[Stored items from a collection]

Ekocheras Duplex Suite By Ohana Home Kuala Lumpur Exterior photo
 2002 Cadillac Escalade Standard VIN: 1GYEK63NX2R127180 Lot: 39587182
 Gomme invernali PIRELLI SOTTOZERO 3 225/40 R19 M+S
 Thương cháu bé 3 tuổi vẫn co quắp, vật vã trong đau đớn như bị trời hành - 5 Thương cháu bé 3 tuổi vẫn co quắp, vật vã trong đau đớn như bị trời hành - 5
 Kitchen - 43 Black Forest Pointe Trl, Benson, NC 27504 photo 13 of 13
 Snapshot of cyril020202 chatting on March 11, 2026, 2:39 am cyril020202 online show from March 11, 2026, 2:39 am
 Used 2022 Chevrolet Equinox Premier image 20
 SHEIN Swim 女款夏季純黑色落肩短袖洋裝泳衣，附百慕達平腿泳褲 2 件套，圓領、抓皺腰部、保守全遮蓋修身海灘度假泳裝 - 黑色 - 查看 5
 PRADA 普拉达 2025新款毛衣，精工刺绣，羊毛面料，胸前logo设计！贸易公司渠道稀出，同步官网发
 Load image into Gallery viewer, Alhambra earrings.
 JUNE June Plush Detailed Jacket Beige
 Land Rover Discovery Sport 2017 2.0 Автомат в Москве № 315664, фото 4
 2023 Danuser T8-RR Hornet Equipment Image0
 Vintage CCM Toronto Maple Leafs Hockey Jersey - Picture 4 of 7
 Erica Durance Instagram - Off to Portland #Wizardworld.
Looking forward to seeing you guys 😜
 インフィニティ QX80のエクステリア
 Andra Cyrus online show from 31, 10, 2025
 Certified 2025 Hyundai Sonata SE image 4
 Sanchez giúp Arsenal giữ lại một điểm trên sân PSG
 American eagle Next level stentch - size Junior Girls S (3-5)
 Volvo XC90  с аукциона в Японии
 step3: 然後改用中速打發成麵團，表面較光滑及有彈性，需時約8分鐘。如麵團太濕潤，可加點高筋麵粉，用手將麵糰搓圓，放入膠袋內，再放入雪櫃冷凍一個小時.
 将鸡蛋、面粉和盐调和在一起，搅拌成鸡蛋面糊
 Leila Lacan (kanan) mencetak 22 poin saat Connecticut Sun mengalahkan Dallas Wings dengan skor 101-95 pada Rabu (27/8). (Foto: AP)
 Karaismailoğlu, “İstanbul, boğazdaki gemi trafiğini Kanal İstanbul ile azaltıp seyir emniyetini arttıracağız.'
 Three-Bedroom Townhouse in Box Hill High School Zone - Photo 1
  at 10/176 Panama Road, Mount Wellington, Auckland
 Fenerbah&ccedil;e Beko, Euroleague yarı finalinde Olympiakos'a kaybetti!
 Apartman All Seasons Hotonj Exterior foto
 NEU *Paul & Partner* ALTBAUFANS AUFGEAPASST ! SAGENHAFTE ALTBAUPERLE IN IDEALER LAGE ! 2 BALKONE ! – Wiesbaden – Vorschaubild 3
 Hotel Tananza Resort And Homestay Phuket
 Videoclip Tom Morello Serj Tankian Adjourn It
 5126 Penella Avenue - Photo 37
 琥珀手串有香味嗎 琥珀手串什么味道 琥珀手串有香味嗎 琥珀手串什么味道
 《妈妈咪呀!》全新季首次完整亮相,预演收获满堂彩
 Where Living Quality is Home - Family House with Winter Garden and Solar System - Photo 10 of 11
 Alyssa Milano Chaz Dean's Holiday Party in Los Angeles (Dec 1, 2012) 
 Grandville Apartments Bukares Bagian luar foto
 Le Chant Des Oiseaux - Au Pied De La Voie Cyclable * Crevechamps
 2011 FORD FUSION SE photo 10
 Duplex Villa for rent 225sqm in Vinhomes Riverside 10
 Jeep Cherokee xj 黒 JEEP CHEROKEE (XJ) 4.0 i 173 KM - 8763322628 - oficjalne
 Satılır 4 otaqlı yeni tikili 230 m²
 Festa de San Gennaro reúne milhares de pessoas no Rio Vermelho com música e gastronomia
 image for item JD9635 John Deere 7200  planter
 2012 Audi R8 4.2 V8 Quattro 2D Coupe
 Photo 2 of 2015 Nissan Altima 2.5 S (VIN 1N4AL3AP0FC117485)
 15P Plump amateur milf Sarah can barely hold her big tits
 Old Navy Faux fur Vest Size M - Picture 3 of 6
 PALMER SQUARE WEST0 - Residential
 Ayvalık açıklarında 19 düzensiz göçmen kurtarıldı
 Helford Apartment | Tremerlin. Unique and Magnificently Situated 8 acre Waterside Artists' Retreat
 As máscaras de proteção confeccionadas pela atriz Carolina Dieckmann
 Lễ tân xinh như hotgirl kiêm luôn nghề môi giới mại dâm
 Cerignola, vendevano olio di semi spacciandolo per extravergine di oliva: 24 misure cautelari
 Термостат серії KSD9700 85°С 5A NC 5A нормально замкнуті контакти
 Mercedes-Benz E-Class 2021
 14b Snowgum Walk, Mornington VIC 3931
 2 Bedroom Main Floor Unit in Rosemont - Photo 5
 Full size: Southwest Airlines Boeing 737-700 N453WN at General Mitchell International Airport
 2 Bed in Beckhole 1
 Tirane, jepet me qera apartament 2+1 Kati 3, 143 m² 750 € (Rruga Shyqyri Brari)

• Work to complete:
Please print out every record exactly as it is written.

• Answer section:
Ekocheras Duplex Suite By Ohana Home Kuala Lumpur Exterior photo
 2002 Cadillac Escalade Standard VIN: 1GYEK63NX2R127180 Lot: 39587182
 Gomme invernali PIRELLI SOTTOZERO 3 225/40 R19 M+S
 Thương cháu bé 3 tuổi vẫn co quắp, vật vã trong đau đớn như bị trời hành - 5 Thương cháu bé 3 tuổi vẫn co quắp, vật vã trong đau đớn như bị trời hành - 5
 Kitchen - 43 Black Forest Pointe Trl, Benson, NC 27504 photo 13 of 13
 Snapshot of cyril020202 chatting on March 11, 2026, 2:39 am cyril020202 online show from March 11, 2026, 2:39 am
 Used 2022 Chevrolet Equinox Premier image 20
 SHEIN Swim 女款夏季純黑色落肩短袖洋裝泳衣，附百慕達平腿泳褲 2 件套，圓領、抓皺腰部、保守全遮蓋修身海灘度假泳裝 - 黑色 - 查看 5
 PRADA 普拉达 2025新款毛衣，精工刺绣，羊毛面料，胸前logo设计！贸易公司渠道稀出，同步官网发
 Load image into Gallery viewer, Alhambra earrings.
 JUNE June Plush Detailed Jacket Beige
 Land Rover Discovery Sport 2017 2.0 Автомат в Москве № 315664, фото 4
 2023 Danuser T8-RR Hornet Equipment Image0
 Vintage CCM Toronto Maple Leafs Hockey Jersey - Picture 4 of 7
 Erica Durance Instagram - Off to Portland #Wizardworld.
Looking forward to seeing you guys 😜
 インフィニティ QX80のエクステリア
 Andra Cyrus online show from 31, 10, 2025
 Certified 2025 Hyundai Sonata SE image 4
 Sanchez giúp Arsenal giữ lại một điểm trên sân PSG
 American eagle Next level stentch - size Junior Girls S (3-5)
 Volvo XC90  с аукциона в Японии
 step3: 然後改用中速打發成麵團，表面較光滑及有彈性，需時約8分鐘。如麵團太濕潤，可加點高筋麵粉，用手將麵糰搓圓，放入膠袋內，再放入雪櫃冷凍一個小時.
 将鸡蛋、面粉和盐调和在一起，搅拌成鸡蛋面糊
 Leila Lacan (kanan) mencetak 22 poin saat Connecticut Sun mengalahkan Dallas Wings dengan skor 101-95 pada Rabu (27/8). (Foto: AP)
 Karaismailoğlu, “İstanbul, boğazdaki gemi trafiğini Kanal İstanbul ile azaltıp seyir emniyetini arttıracağız.'
 Three-Bedroom Townhouse in Box Hill High School Zone - Photo 1
  at 10/176 Panama Road, Mount Wellington, Auckland
 Fenerbah&ccedil;e Beko, Euroleague yarı finalinde Olympiakos'a kaybetti!
 Apartman All Seasons Hotonj Exterior foto
 NEU *Paul & Partner* ALTBAUFANS AUFGEAPASST ! SAGENHAFTE ALTBAUPERLE IN IDEALER LAGE ! 2 BALKONE ! – Wiesbaden – Vorschaubild 3
 Hotel Tananza Resort And Homestay Phuket
 Videoclip Tom Morello Serj Tankian Adjourn It
 5126 Penella Avenue - Photo 37
 琥珀手串有香味嗎 琥珀手串什么味道 琥珀手串有香味嗎 琥珀手串什么味道
 《妈妈咪呀!》全新季首次完整亮相,预演收获满堂彩
 Where Living Quality is Home - Family House with Winter Garden and Solar System - Photo 10 of 11
 Alyssa Milano Chaz Dean's Holiday Party in Los Angeles (Dec 1, 2012) 
 Grandville Apartments Bukares Bagian luar foto
 Le Chant Des Oiseaux - Au Pied De La Voie Cyclable * Crevechamps
 2011 FORD FUSION SE photo 10
 Duplex Villa for rent 225sqm in Vinhomes Riverside 10
 Jeep Cherokee xj 黒 JEEP CHEROKEE (XJ) 4.0 i 173 KM - 8763322628 - oficjalne
 Satılır 4 otaqlı yeni tikili 230 m²
 Festa de San Gennaro reúne milhares de pessoas no Rio Vermelho com música e gastronomia
 image for item JD9635 John Deere 7200  planter
 2012 Audi R8 4.2 V8 Quattro 2D Coupe
 Photo 2 of 2015 Nissan Altima 2.5 S (VIN 1N4AL3AP0FC117485)
 15P Plump amateur milf Sarah can barely hold her big tits
 Old Navy Faux fur Vest Size M - Picture 3 of 6
 PALMER SQUARE WEST0 - Residential
 Ayvalık açıklarında 19 düzensiz göçmen kurtarıldı
 Helford Apartment | Tremerlin. Unique and Magnificently Situated 8 acre Waterside Artists' Retreat
 As máscaras de proteção confeccionadas pela atriz Carolina Dieckmann
 Lễ tân xinh như hotgirl kiêm luôn nghề môi giới mại dâm
 Cerignola, vendevano olio di semi spacciandolo per extravergine di oliva: 24 misure cautelari
 Термостат серії KSD9700 85°С 5A NC 5A нормально замкнуті контакти
 Mercedes-Benz E-Class 2021
 14b Snowgum Walk, Mornington VIC 3931
 2 Bedroom Main Floor Unit in Rosemont - Photo 5
 Full size: Southwest Airlines Boeing 737-700 N453WN at General Mitchell International Airport
 2 Bed in Beckhole 1
 Tirane, jepet me qera apartament 2+1 Kati 3, 143 m² 750 € (Rruga Shyqyri Brari)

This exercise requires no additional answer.